31 P.2d 25 | Kan. | 1934

The opinion of the court was delivered by

Johnston, C. J.:

This is an action to recover the value of services rendered by the plaintiffs in making an audit of certain county offices in Smith county, under a written contract. A claim was presented under the cash-basis law for the services and it was disallowed by the board on May 15, 1933. Plaintiffs took an appeal in the way provided by the cash-basis law. The district court dismissed the appeal on the ground that it was without jurisdiction to hear and determine the case. It appears that in December, 1932, the commissioners employed the plaintiffs to make an audit of the offices of county clerk and probate judge. The audit was made, and on April 3, 1933, they filed a claim with the board for their services *340and expenses in making the audit. The claim was disallowed on the same day, and on April 7, 1933, notice of the disallowance was given to plaintiffs. The cash-basis law was enacted at the regular 1933 session of the legislature. It provided that the publication should be made by the commissioners of all claims and obligations against the county, and this claim was not included in that publication.. Plaintiffs filed the claim again on May 13,1933, under the provisions of chapter 319 of the Laws of 1933. This claim was again considered, but was again disallowed, and plaintiffs appealed to the district court.

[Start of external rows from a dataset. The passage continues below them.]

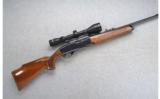 Remington Model 742 Woodsmaster .30-06 Sprg. - 1 of 7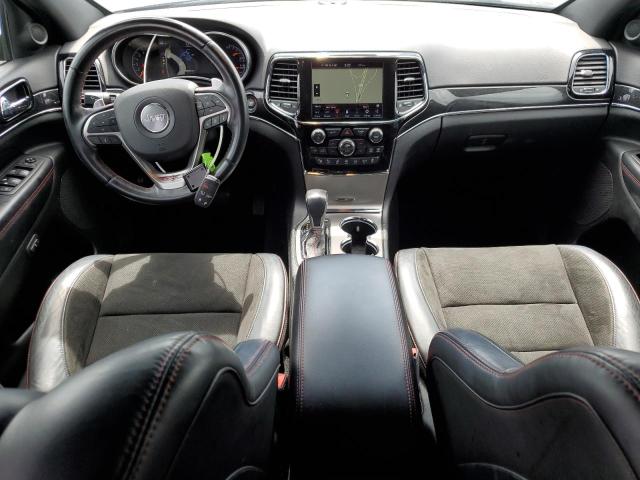Photo 8 from auction – 2021 JEEP GRAND CHER with VIN 1C4RJFLG0MC650449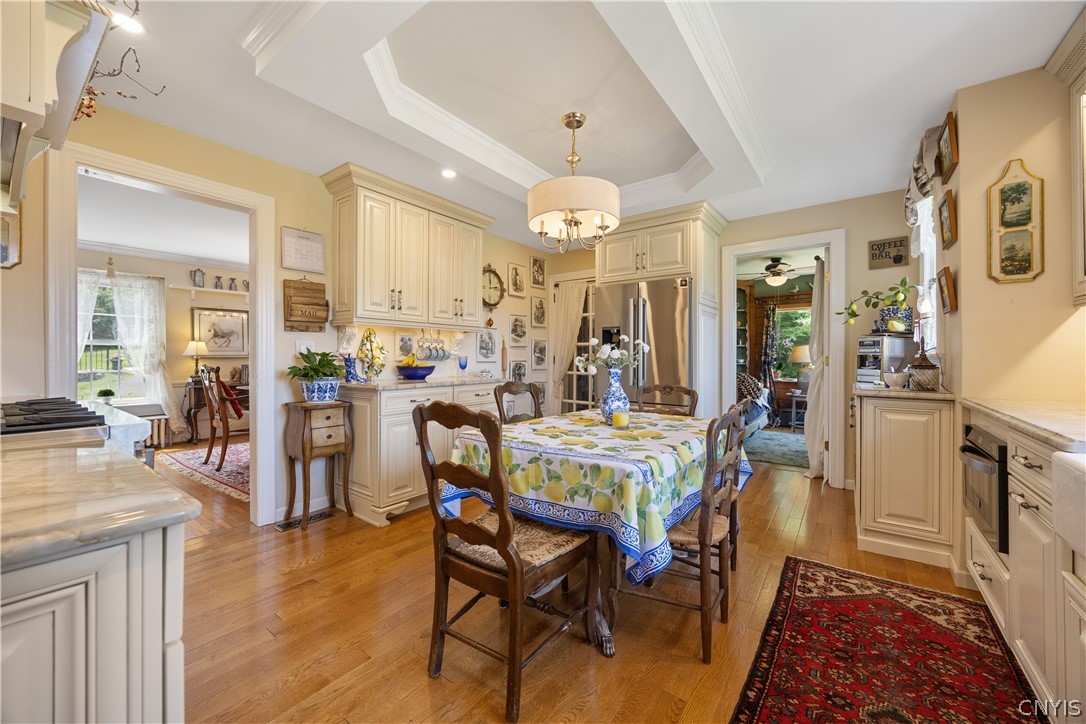 68 Paris Road New Hartford, NY 13413 - Photo 17 of 50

Notice Of appeal was filed and served upon the county clerk on May 17, 1933. Ah agreed statement of facts was filed in the district court, and on objection to the jurisdiction of the district court, which was sustained, the appeal was dismissed. The trial court’s decision was that the plaintiffs should have appealed from the first disallowance of the claim made on April 3, 1933, and this failure precluded them from having the claim considered again by the board, and that the appeal to the district court from the dis-allowance on May 15 conferred no jurisdiction upon the court.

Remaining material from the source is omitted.